A l’opposé du ministre Aly Ngouille Ndiaye, l’artiste-ministre-Président de GFM, Youssou Ndour, ne torpille pas l’avenir. Il ne l’hypothèque pas. « Je ne suis pas diplômé mais je suis structuré » a dit Youssou Ndour dans l’émission bien charpentée et gaiement pilotée par la journaliste Aïssatou Diop Fall. En effet, Youssou Ndour est « structuré » et (j’ajoute) très bien avisé pour ne pas avoir des visées…sur Dakar. Une capitale qui est orpheline de son maire. La nature a horreur du vide ; tandis que la politique s’incruste partout et remplit promptement les vides. Qui a forgé l’expression : « patron de Dakar » ? Qui a voulu et veut toujours être le patron de Dakar ? Youssou Ndour n’accepte visiblement pas que Dakar soit sans patron. La conjoncture l’a convaincu – à tort ou à raison – que le boulevard conduisant à la tête de la plus prestigieuse municipalité du Sénégal, est largement ouvert. Sans encombre de la taille et du poids de Khalifa Sall. Youssou Ndour n’est pas diplômé, mais il a du coffre, du bagout et de l’audace, comme les Présidents Lula du Brésil et Jacob Zuma d’Afrique du Sud. Deux chefs d’Etat non diplômés qui ont longtemps présidé aux destinées de deux pays plus émergents que le Sénégal. Ministre-conseiller du Président de la république, leader du mouvement « Fekké » et Roi du mbalax, Youssou Ndour est également le Prince des dits et des non-dits.

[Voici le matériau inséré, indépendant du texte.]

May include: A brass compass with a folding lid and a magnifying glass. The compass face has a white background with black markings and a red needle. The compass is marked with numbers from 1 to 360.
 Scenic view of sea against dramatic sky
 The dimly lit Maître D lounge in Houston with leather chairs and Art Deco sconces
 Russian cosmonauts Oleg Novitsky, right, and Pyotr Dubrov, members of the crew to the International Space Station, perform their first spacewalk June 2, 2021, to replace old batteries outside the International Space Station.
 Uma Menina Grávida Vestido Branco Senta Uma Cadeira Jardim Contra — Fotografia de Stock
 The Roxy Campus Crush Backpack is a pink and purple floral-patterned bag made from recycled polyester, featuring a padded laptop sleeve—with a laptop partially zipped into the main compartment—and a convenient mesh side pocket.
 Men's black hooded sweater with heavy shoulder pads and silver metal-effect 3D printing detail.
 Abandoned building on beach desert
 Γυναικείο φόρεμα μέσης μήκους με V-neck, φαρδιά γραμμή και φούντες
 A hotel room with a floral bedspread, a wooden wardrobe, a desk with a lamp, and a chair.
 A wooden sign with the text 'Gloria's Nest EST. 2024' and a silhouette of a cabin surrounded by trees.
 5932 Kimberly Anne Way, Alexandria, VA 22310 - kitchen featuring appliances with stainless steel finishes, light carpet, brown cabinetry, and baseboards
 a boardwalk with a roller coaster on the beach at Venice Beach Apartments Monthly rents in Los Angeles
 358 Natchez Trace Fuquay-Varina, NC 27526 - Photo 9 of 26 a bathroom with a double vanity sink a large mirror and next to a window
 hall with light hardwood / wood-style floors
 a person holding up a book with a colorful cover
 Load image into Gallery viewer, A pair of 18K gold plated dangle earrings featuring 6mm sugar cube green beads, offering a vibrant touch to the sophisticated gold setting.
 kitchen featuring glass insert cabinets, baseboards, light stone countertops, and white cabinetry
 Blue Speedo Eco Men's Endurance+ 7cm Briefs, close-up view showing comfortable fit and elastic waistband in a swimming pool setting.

Au chapitre de ce qui est clairement dit et répété, Youssou Ndour accompagne et appuie Macky Sall dans la quête d’un second mandat. Dans le volet des non-dits, on devine par intuition – sans instruire un procès en sorcellerie – une embuscade politique discrètement montée par Youssou Ndour, non loin du portail de la Mairie de Dakar qu’il n’entend pas laisser à l’APR dont il n’est pas membre. En résumé : le pays à Macky Sall, Dakar à moi, leader de Fekké. Pas de veto de l’APR contre mes ambitions dakaroises ! Sinon…La menace de dissidence est en filigrane dans les propos du Président du Groupe Futurs Médias. Dans l’émission phare et dominicale de TFM, le clin d’œil à Barthélémy Dias, maire de Mermoz, et le silence méprisant à l’endroit de Bamba Fall (maire du quartier natal de Youssou Ndour et nouvel « ami » de Macky Sall) cryptent un gisement de calculs et, surtout, de codes à…décoder. Avec Youssou Ndour, bienvenue à la Galerie Lafayette où l’on trouve tout ! A condition de savoir décrypter les propos d’un « maitre-langue » comme disent les Bambaras.